#### [Task details]
After locating the line with "Vintage gold stainless" in the entries below, output it and each following line up to and including the line with "Bath Tub Shower", exactly and without pictures.

#### [Given data]
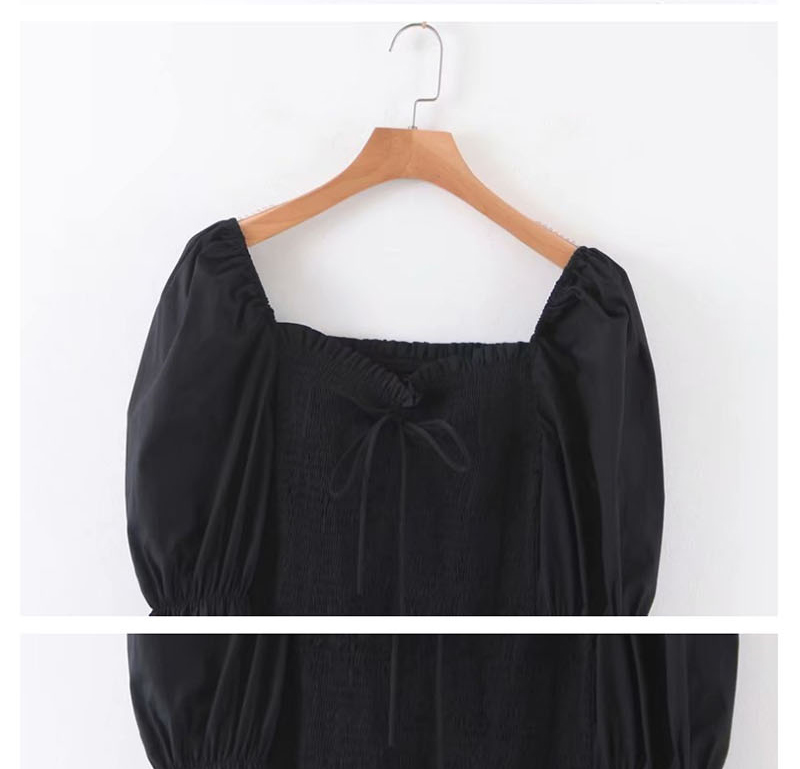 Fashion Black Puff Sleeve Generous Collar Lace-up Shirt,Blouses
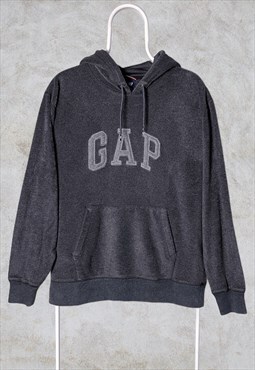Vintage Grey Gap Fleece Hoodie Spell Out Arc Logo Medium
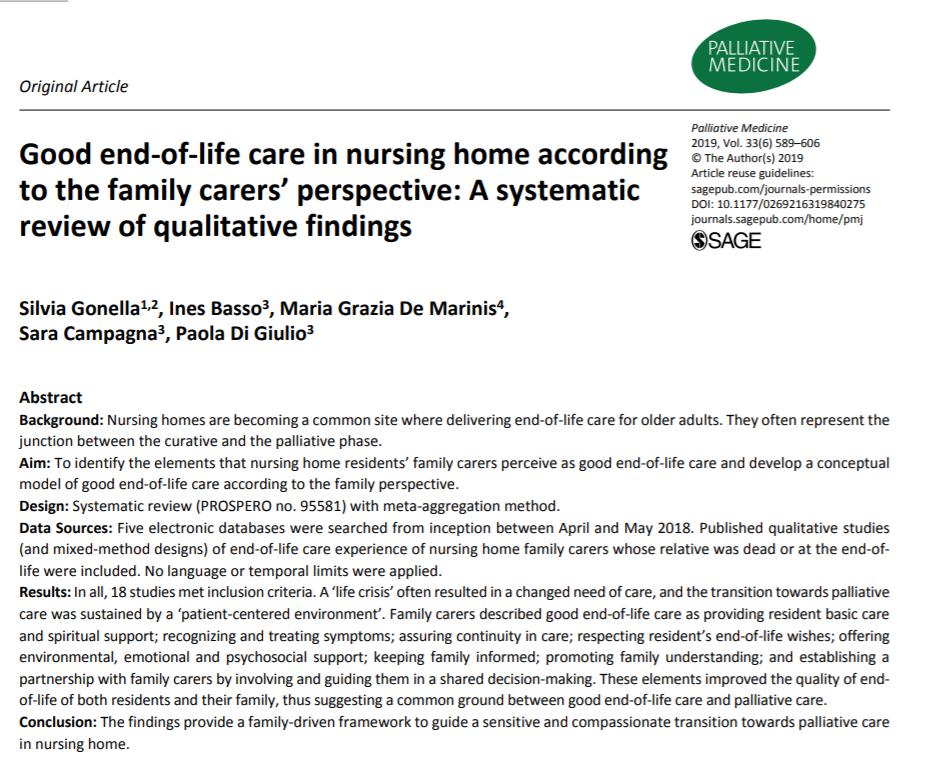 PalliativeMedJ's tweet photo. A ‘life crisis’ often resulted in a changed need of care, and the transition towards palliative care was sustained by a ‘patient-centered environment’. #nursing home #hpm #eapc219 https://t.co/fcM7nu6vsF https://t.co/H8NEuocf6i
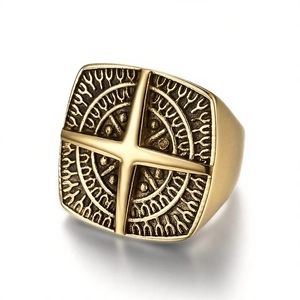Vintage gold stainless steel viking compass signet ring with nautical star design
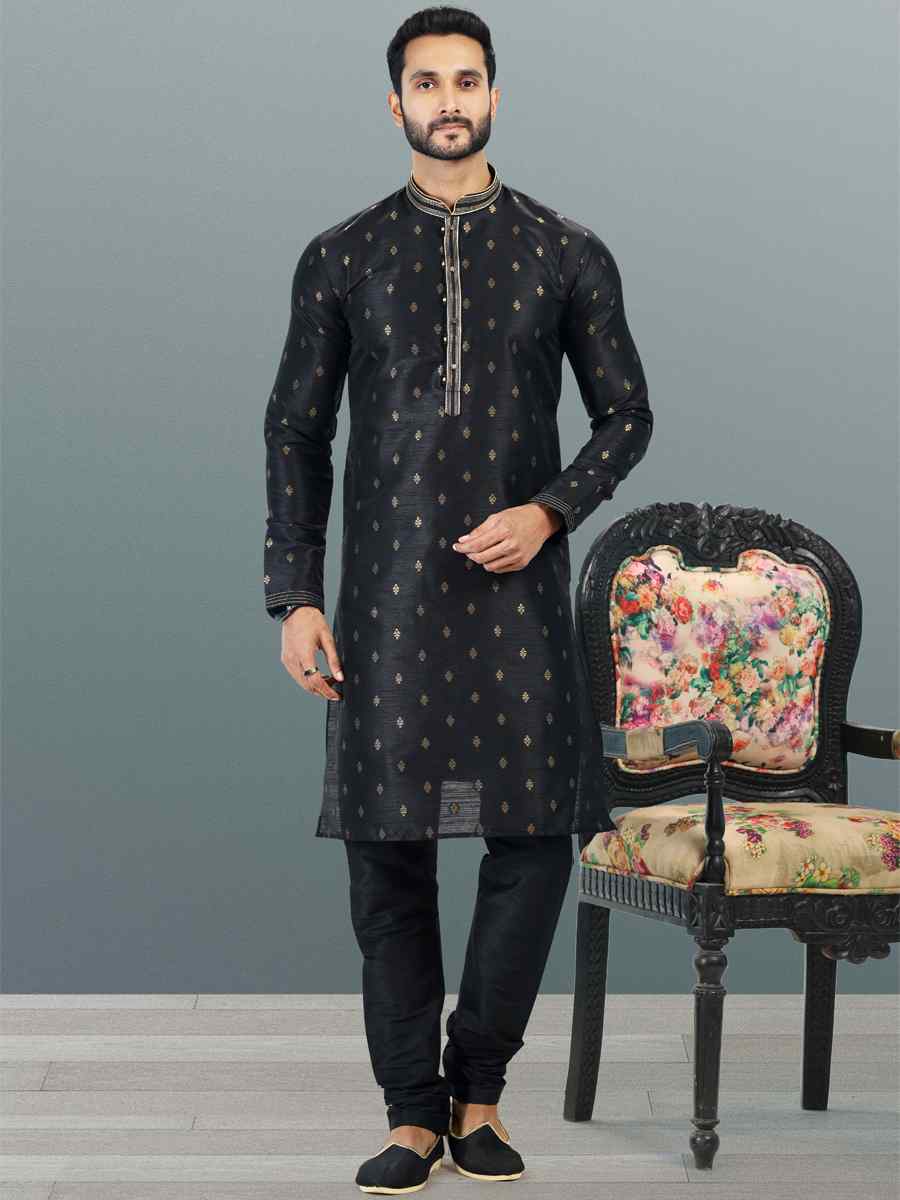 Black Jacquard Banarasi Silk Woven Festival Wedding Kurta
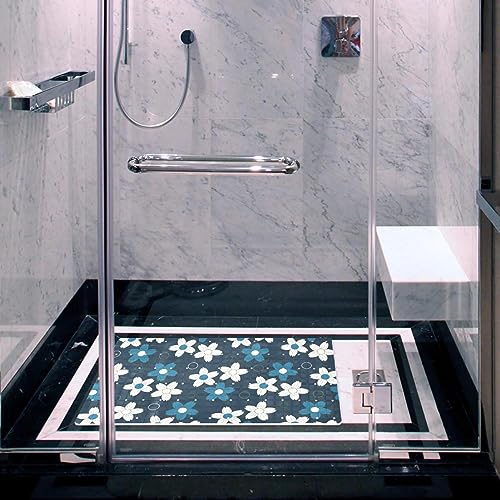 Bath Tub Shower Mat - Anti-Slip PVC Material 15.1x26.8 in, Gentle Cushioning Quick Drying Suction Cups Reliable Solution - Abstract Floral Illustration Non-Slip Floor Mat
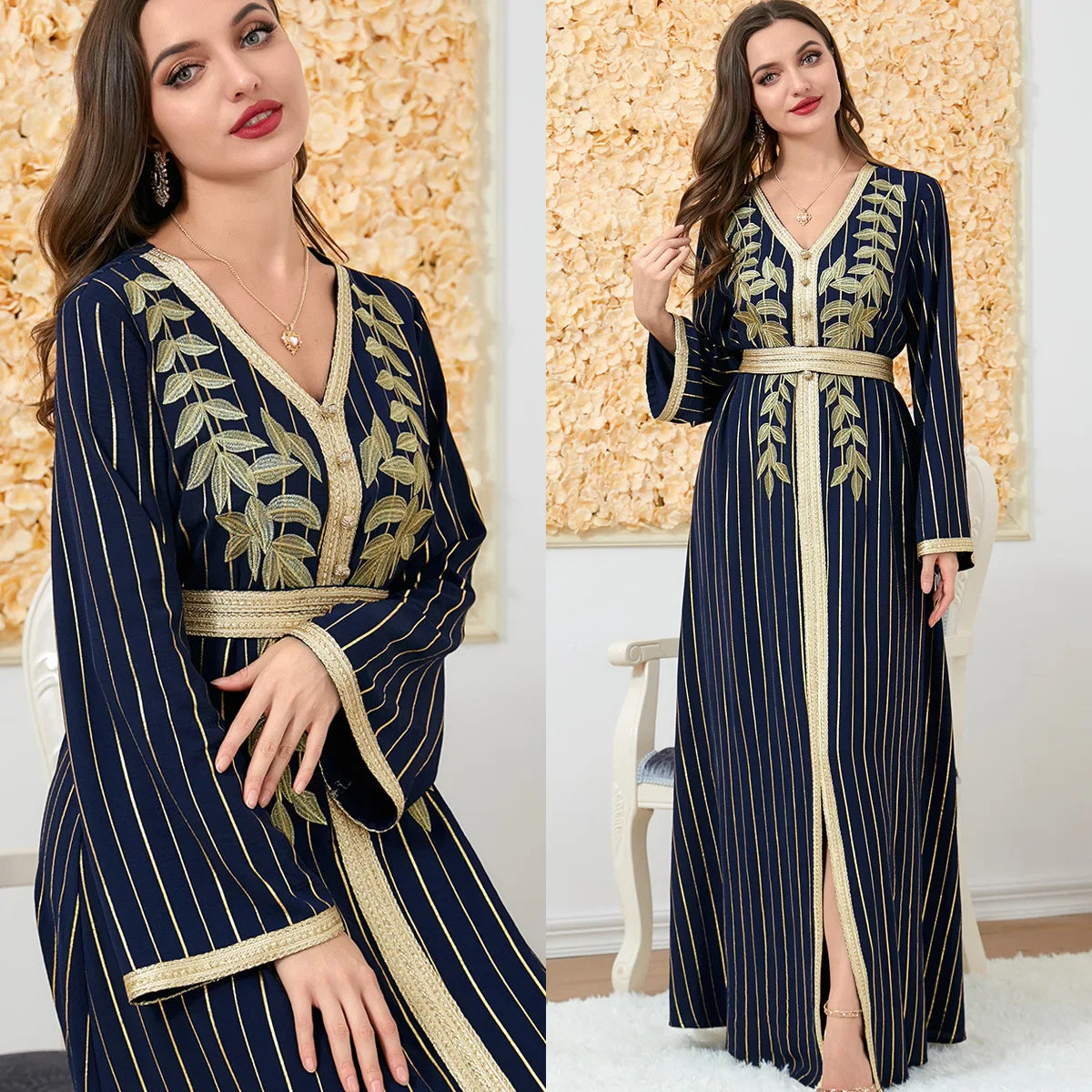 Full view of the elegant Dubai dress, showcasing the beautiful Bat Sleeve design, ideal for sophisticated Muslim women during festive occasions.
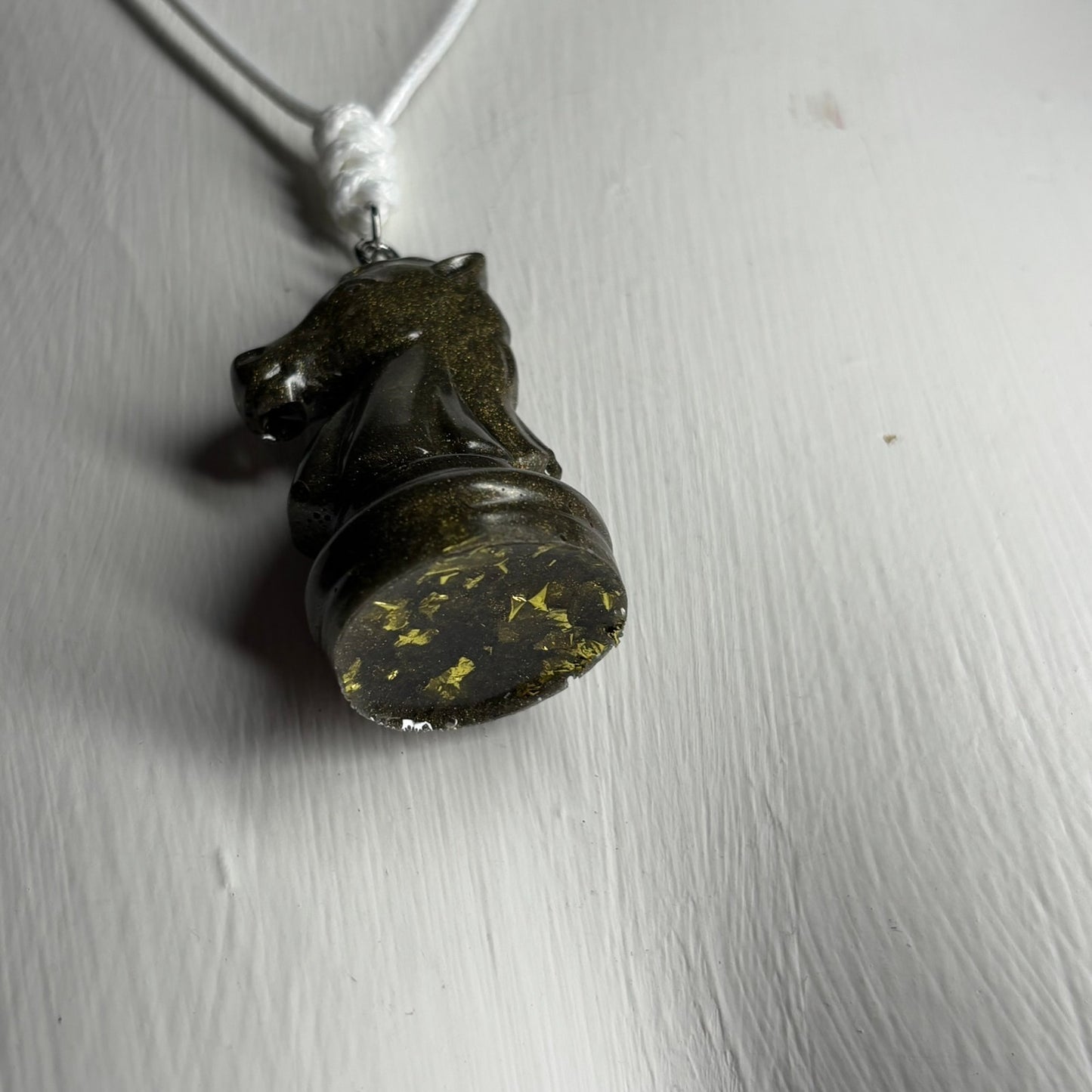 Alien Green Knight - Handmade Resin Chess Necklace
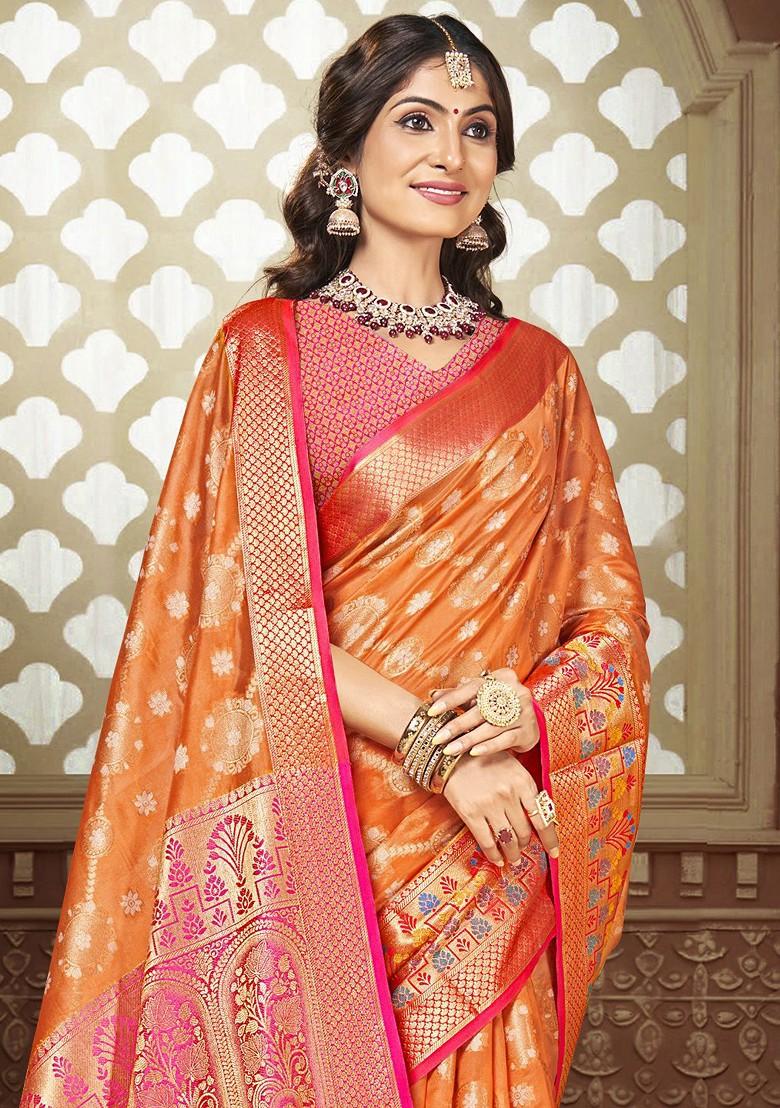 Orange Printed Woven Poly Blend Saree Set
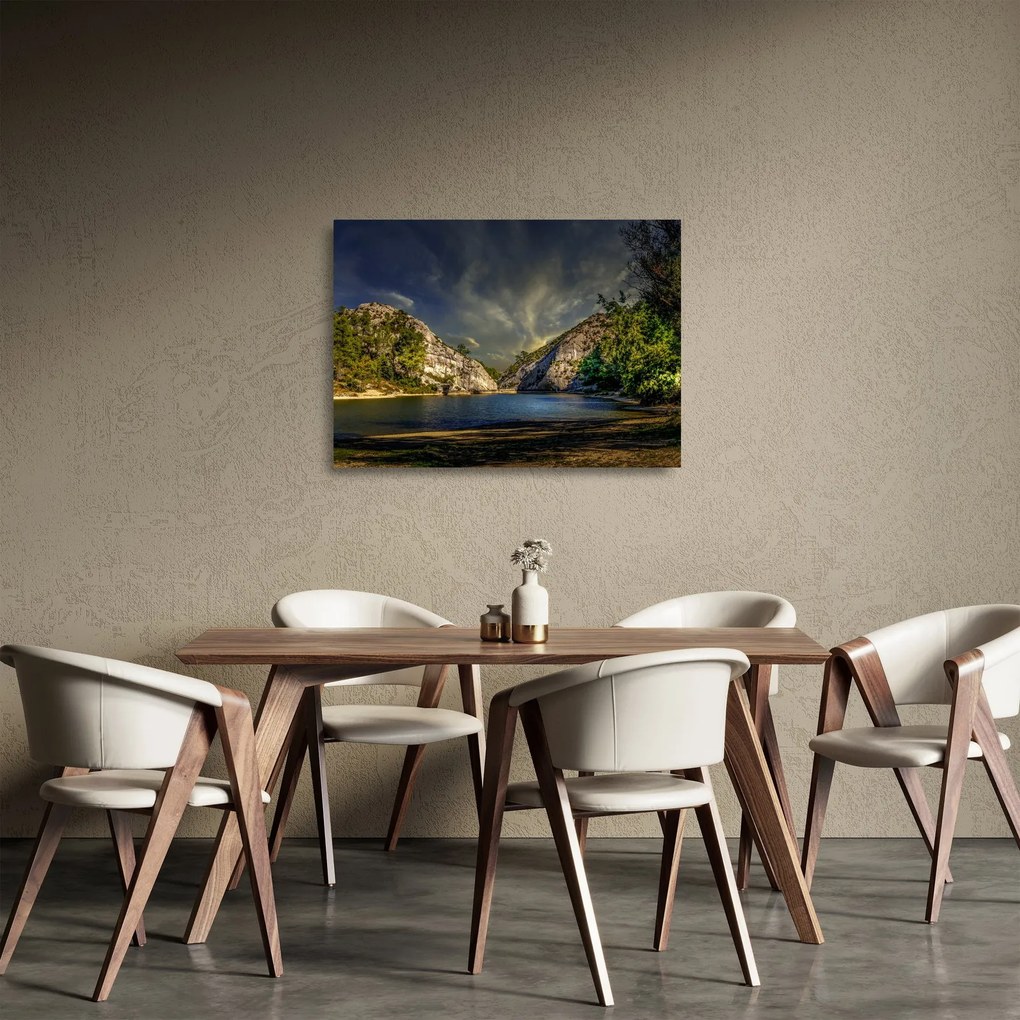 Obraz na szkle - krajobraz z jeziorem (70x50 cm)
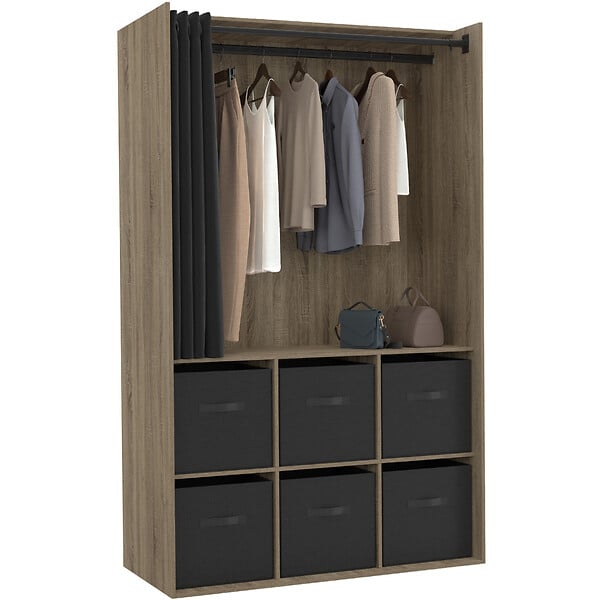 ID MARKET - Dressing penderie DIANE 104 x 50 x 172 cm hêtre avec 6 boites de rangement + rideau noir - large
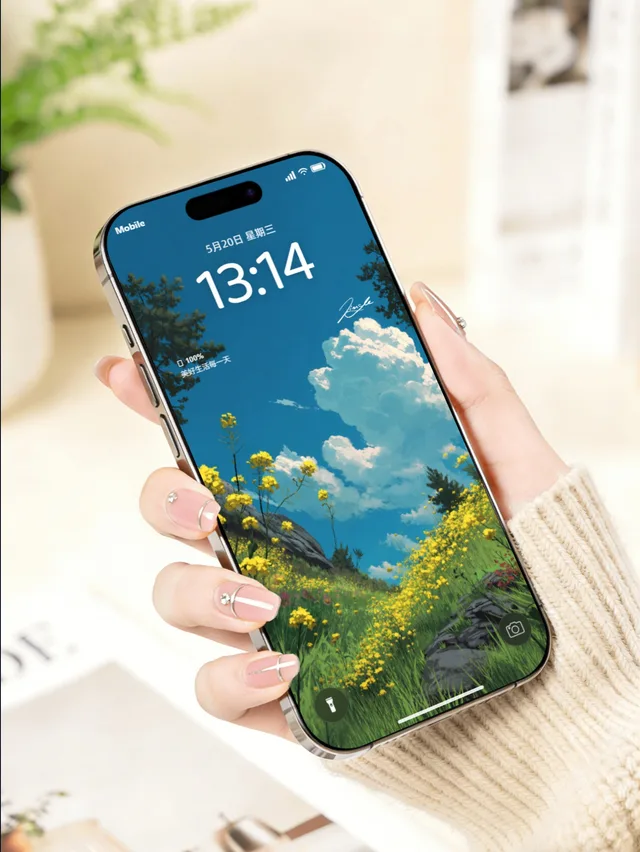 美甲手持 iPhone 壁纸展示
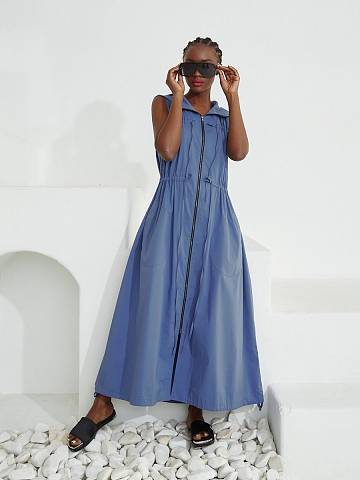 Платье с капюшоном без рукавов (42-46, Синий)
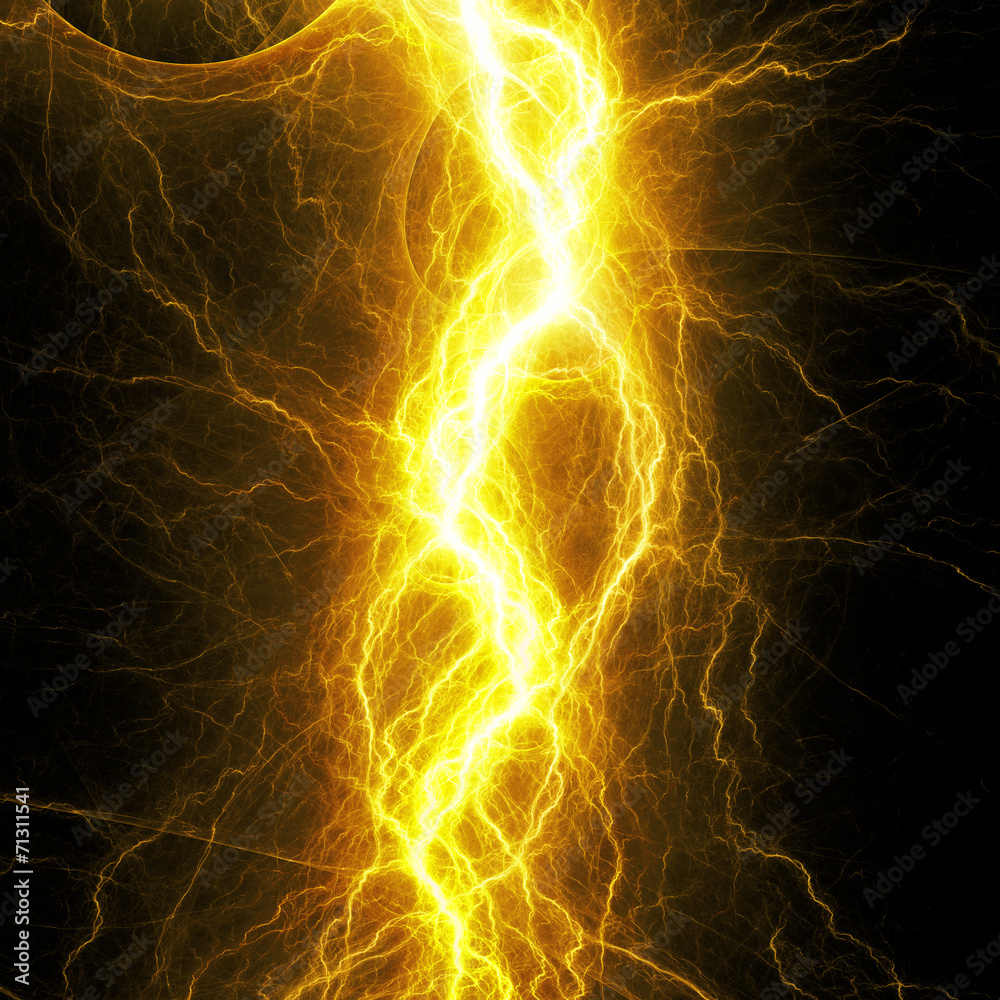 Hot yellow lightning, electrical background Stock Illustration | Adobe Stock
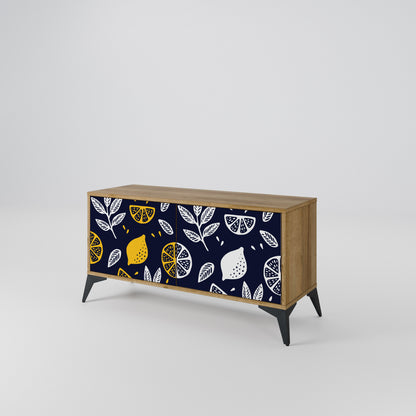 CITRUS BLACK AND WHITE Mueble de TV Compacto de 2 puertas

#### [Reply to the task]
Vintage gold stainless steel viking compass signet ring with nautical star design
 Black Jacquard Banarasi Silk Woven Festival Wedding Kurta
 Bath Tub Shower Mat - Anti-Slip PVC Material 15.1x26.8 in, Gentle Cushioning Quick Drying Suction Cups Reliable Solution - Abstract Floral Illustration Non-Slip Floor Mat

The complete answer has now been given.